FTC May Raise DNC List Fees

Posted on by Chief Marketer Staff

The Direct Marketing Association has sharply criticized the Federal Trade Commission’s proposal to raise fees for telemarketers to participate in the national do-not-call registry.

The FTC has suggested boosting the annual fee to $45 for each area code of data accessed, up from $25. The maximum amount that any entity would be charged for access to 280 area codes of data or more would be raised from $7,375 to $12,375.

“This is a 67% tax increase and it comes just after the FTC made so much fanfare about how the [program] is working,” said DMA spokesman Louis Mastria.

This action would continue to allow all entities that access the registry to obtain the first five area codes of data for free, and permit those entities that are exempt from the registry’s requirements to obtain access at no charge.

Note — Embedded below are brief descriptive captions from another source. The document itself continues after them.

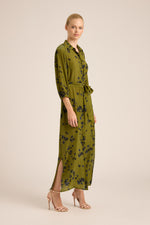 Stevie Fall Shirt Silk Dress | Harper Olive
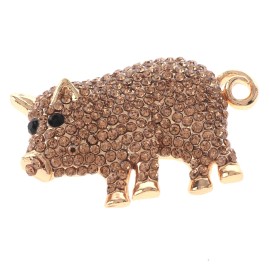 neXxtten Gold Tone Metal Crystal Pig Brooch P1497-LCT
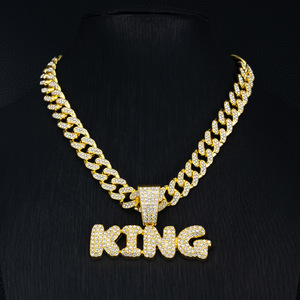Collana con Ciondolo a Fibbia Monarch Seal KING, con Zirconia Completa, Chiusura Oversize, Gioielli Statement Hip Hop da Uomo, Produzione <span class=keywords><strong>di</strong></span> Fabbrica - Product Image 2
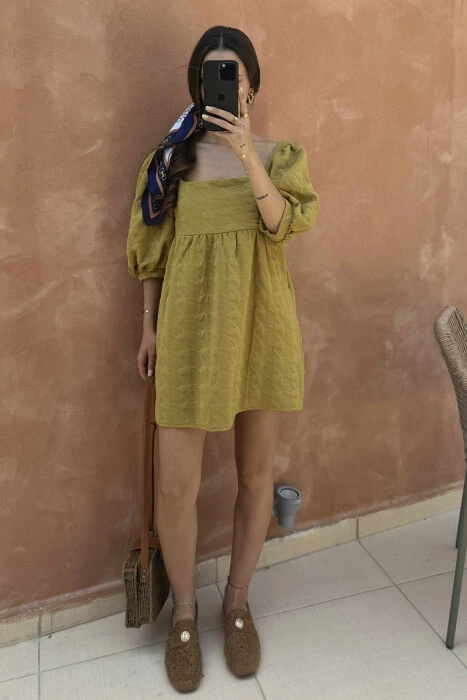 SHORT ONE COLOR DRESS OLIVE/ULLI - 1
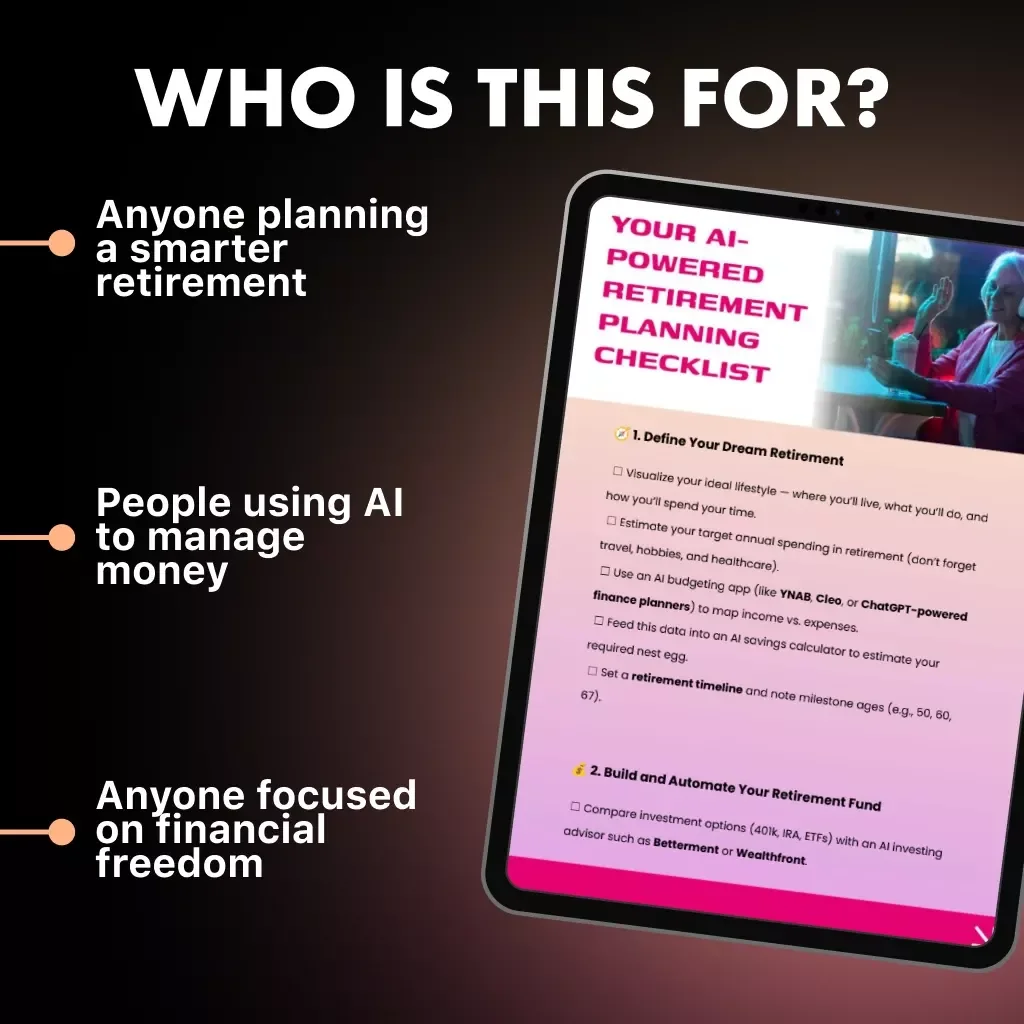 Your AI-Powered Retirement Planning Checklist | Digital Download for Smarter Financial Freedom | How to Use AI to Plan Retirement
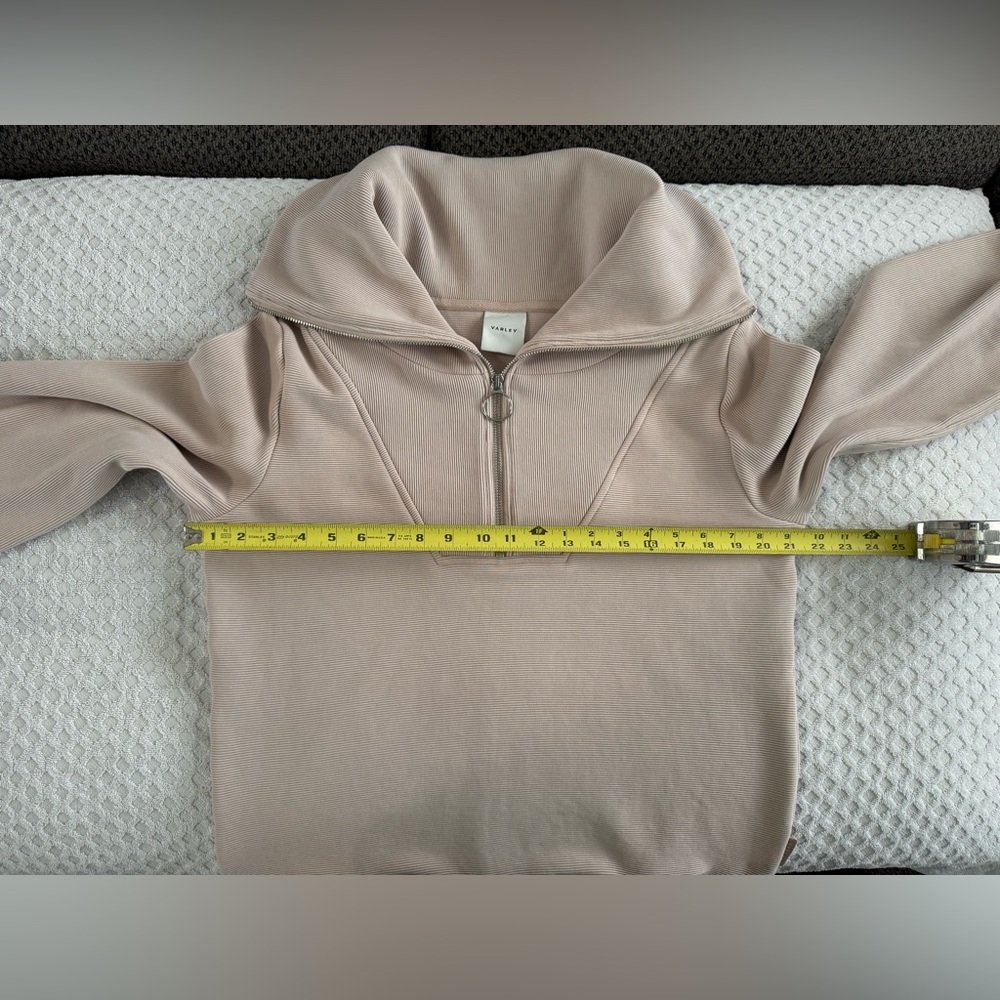 Varley Vine Half Zip Ribbed Pullover Sweatshirt in Mushroom Size XS Oversized - Picture 14 of 15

Mastria said the DMA would study the proposal and submit comments to the FTC by its June 1 deadline but does not anticipate taking any further action before then.

As Mastria suggested, a top executive at the FTC has acknowledged that direct marketers are complying with the do-not-call rules.

J. Howard Beales III, the FTC’s director of consumer protection, said the agency has received some 300,000 complaints. The do-not-call file now has 60 million numbers listed.

“One complaint for every 200 numbers is remarkably good compliance,” said Beales, speaking at the DMA’s recent Government Affairs Conference.

Of those, most were against entities that had only one slip-up. Only a handful of miscreants received multiple complaints.

Meanwhile, the FTC was preparing to file its report on the viability of a do-not-e-mail list.

Beales was reviewing a draft when this issue went to press, and anticipates meeting the June 16 deadline set by Congress. He gave little insight on what the report will contain, but did reiterate doubts he’s expressed before.

“It’s no secret that we’ve been concerned about enforceability for the do-not-e-mail system from the beginning,” he said.

Beales stressed that the current mandate from Congress requires only that the FTC report on the list’s viability.

“Congress required us to come up with a plan and timetable for a do-not-e-mail registry,” he said. “It didn’t require us to do it, or give us the resources we would need to do it.”

Beales anticipated that there would be a hearing no matter what the FTC recommends. But he did note that, unlike the do-not-call list, there is no concurrent procurement track for the do-not-e-mail list.

For one thing, the magnitude of procurement would be much greater. For another, the future of the do-not-e-mail list is much more nebulous.

“I can’t imagine putting out a proposal and a procurement request” for the do-not-e-mail list,” he said.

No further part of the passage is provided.